I feel it makes sense to apply the smaller patch in any case, so that
there's a Win32 solution not requiring ICU (ie, I can't see an argument
for doing (2) rather than (3)).

Comments?

I don't mind either way, but while Win32 will work with Magnus' patch,
FreeBSD won't; it needs the ICU patch to work. OTH, I maintain the FreeBSD
port where I already have the patch as an ("experiemental") option. Not
every FreeBSD user uses the ports system, though.

So, it is a question whether FreeBSD's unicode support is important or not,
I guess? Win32 will work both ways.

/Palle

#6Bruce Momjian
pgman@candle.pha.pa.us
In reply to: Palle Girgensohn (#5)
Re: Win32 unicode vs ICU

Palle Girgensohn wrote:

I feel it makes sense to apply the smaller patch in any case, so that
there's a Win32 solution not requiring ICU (ie, I can't see an argument
for doing (2) rather than (3)).

Comments?

I don't mind either way, but while Win32 will work with Magnus' patch,
FreeBSD won't; it needs the ICU patch to work. OTH, I maintain the FreeBSD
port where I already have the patch as an ("experiemental") option. Not
every FreeBSD user uses the ports system, though.
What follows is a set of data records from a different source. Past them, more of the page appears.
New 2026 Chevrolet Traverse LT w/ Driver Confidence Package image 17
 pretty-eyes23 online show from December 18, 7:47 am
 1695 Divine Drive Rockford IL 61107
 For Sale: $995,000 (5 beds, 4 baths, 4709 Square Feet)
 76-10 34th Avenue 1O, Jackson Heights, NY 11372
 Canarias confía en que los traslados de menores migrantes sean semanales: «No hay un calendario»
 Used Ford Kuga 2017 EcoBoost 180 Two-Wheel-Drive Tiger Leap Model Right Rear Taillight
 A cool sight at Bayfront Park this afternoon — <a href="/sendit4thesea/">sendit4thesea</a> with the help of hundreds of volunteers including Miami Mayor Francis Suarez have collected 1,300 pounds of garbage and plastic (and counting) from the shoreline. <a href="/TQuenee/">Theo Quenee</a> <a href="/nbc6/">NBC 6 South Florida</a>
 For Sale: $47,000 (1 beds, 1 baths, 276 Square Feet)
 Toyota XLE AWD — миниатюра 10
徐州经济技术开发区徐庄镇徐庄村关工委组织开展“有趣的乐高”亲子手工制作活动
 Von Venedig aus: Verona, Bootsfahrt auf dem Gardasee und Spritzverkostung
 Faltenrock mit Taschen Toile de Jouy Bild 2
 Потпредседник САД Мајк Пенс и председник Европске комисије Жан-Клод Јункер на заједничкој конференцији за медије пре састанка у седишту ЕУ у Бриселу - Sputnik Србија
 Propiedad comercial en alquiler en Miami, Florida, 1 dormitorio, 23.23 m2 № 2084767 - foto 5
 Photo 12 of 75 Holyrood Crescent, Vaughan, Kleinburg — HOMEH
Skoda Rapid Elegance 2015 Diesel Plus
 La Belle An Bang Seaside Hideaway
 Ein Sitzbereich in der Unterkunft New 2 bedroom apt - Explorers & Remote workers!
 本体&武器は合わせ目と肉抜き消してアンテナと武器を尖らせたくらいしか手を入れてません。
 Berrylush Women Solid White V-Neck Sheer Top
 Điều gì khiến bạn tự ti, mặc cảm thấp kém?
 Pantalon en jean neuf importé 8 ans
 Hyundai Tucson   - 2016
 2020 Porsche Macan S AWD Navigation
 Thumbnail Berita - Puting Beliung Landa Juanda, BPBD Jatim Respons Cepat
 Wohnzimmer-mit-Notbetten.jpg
So, it is a question whether FreeBSD's unicode support is important or not,
I guess? Win32 will work both ways.

How is FreeBSD's Unicode support broken? I was not aware of that.

-- 
  Bruce Momjian                        |  http://candle.pha.pa.us
  pgman@candle.pha.pa.us               |  (610) 359-1001
  +  If your life is a hard drive,     |  13 Roberts Road
  +  Christ can be your backup.        |  Newtown Square, Pennsylvania 19073
#7Palle Girgensohn
girgen@pingpong.net
In reply to: Bruce Momjian (#6)
Re: Win32 unicode vs ICU

--On måndag, augusti 22, 2005 09.19.58 -0400 Bruce Momjian
<pgman@candle.pha.pa.us> wrote:

Palle Girgensohn wrote:

I feel it makes sense to apply the smaller patch in any case, so that
there's a Win32 solution not requiring ICU (ie, I can't see an argument
for doing (2) rather than (3)).

Comments?

I don't mind either way, but while Win32 will work with Magnus' patch,
FreeBSD won't; it needs the ICU patch to work. OTH, I maintain the
FreeBSD port where I already have the patch as an ("experiemental")
option. Not every FreeBSD user uses the ports system, though.

So, it is a question whether FreeBSD's unicode support is important or
not, I guess? Win32 will work both ways.

How is FreeBSD's Unicode support broken? I was not aware of that.

FreeBSD has no unicode collation support. Hence the need for ICU.

/Palle

#8Tom Lane
tgl@sss.pgh.pa.us
In reply to: Palle Girgensohn (#7)
Re: Win32 unicode vs ICU

Palle Girgensohn <girgen@pingpong.net> writes:

<pgman@candle.pha.pa.us> wrote:

How is FreeBSD's Unicode support broken? I was not aware of that.

FreeBSD has no unicode collation support. Hence the need for ICU.

Well, this obviously doesn't bother anyone who uses FreeBSD, so it need
not bother us either. I do not feel a need to take on ICU in order to
implement features that are not present anywhere else on the platform.

regards, tom lane

#9Palle Girgensohn
girgen@pingpong.net
In reply to: Tom Lane (#8)
Re: Win32 unicode vs ICU

--On måndag, augusti 22, 2005 10.12.11 -0400 Tom Lane <tgl@sss.pgh.pa.us>
wrote:

Palle Girgensohn <girgen@pingpong.net> writes:

<pgman@candle.pha.pa.us> wrote:

How is FreeBSD's Unicode support broken? I was not aware of that.

FreeBSD has no unicode collation support. Hence the need for ICU.

Well, this obviously doesn't bother anyone who uses FreeBSD, so it need
not bother us either. I do not feel a need to take on ICU in order to
implement features that are not present anywhere else on the platform.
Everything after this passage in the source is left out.